### [EXERCISE PROMPT]
Any picture in the data below should be skipped, while every line is repeated exactly.

### [DATA SECTION]
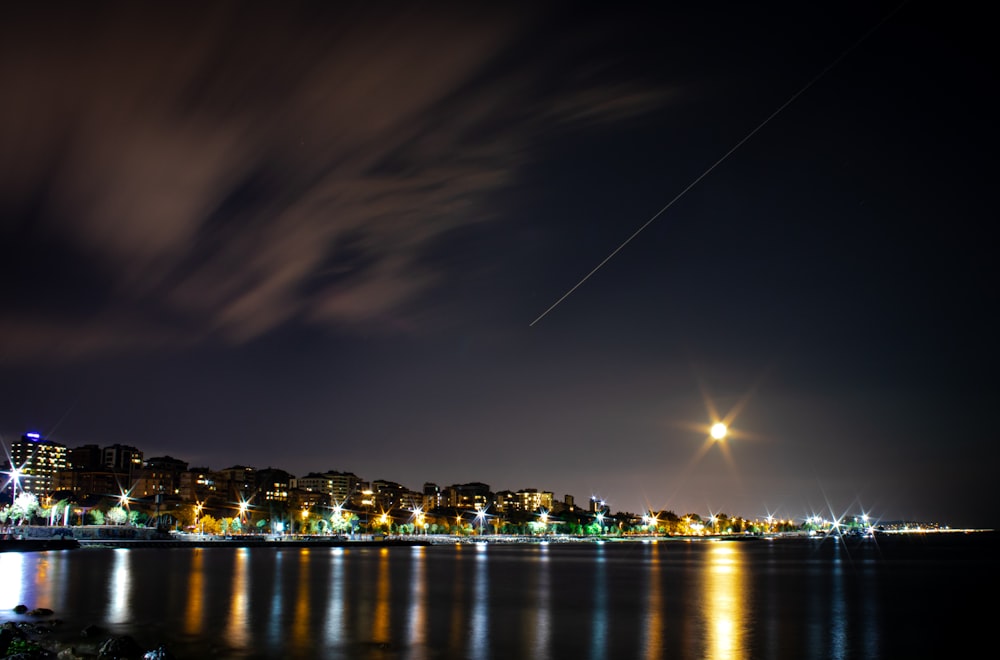 a night view of a city with a plane flying over it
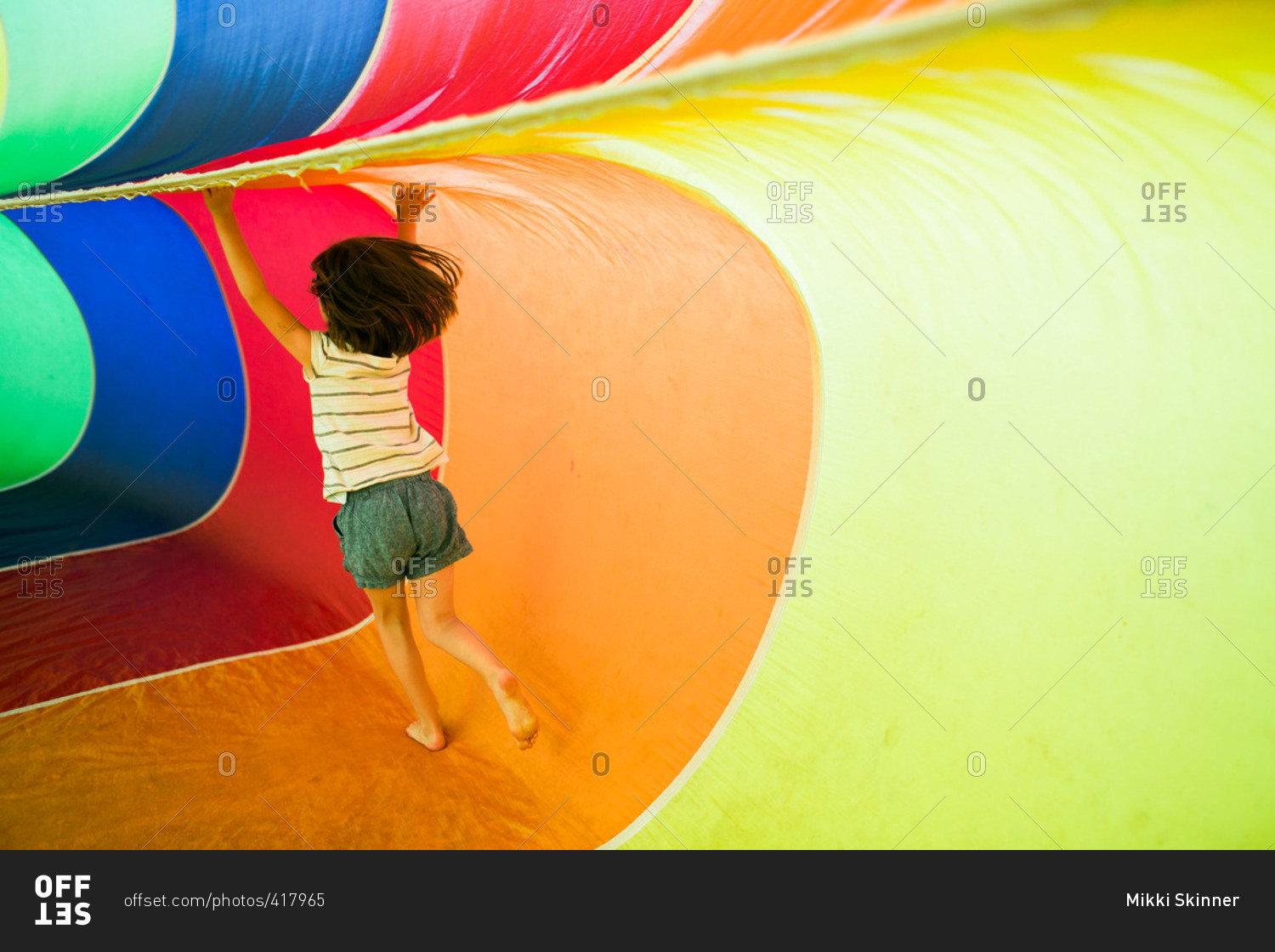 Young girl playing inside a rainbow parachute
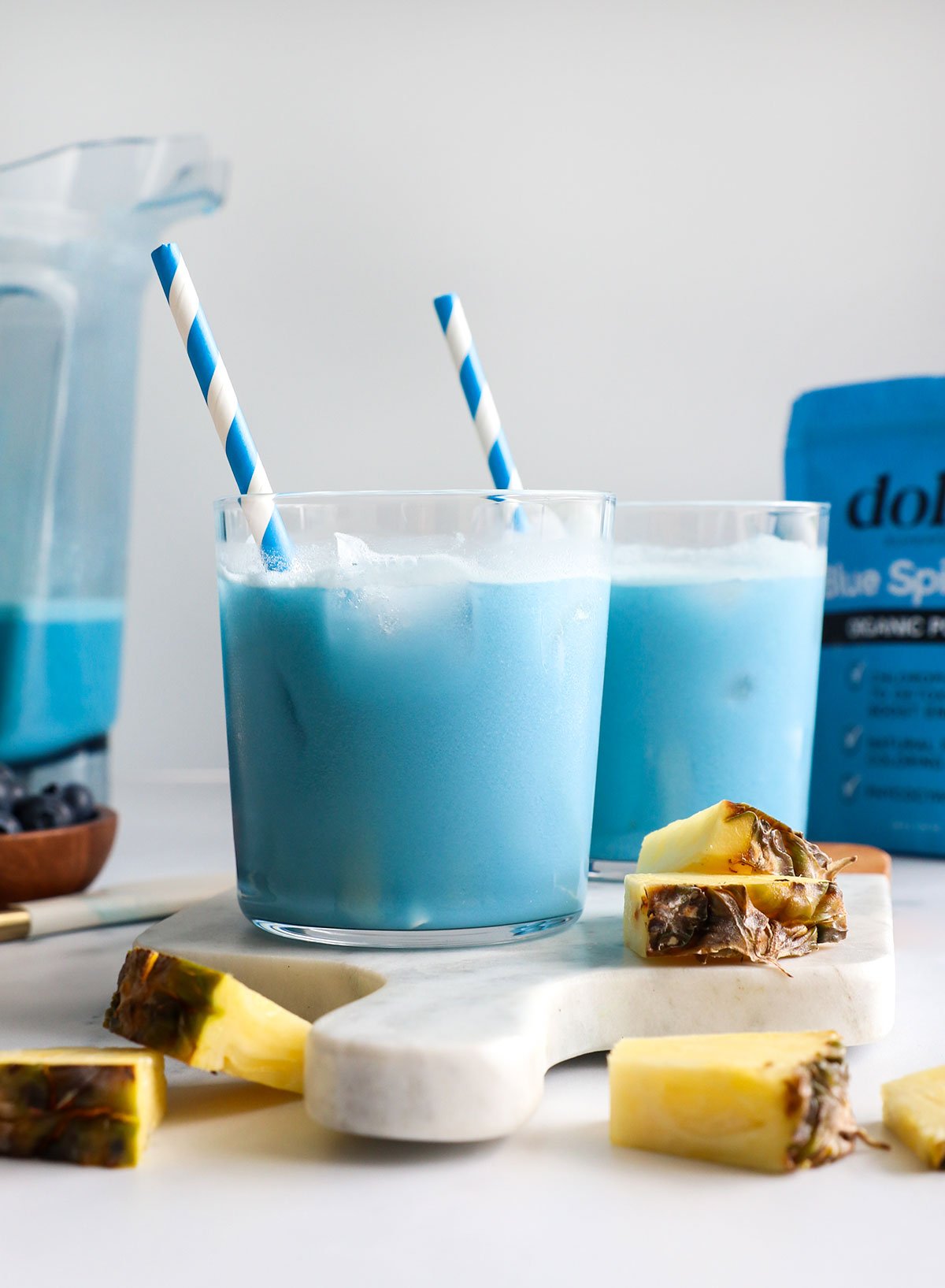 blue milk served in two glasses with blue striped straws.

### [YOUR SOLUTION]
 a night view of a city with a plane flying over it
 Young girl playing inside a rainbow parachute
 blue milk served in two glasses with blue striped straws.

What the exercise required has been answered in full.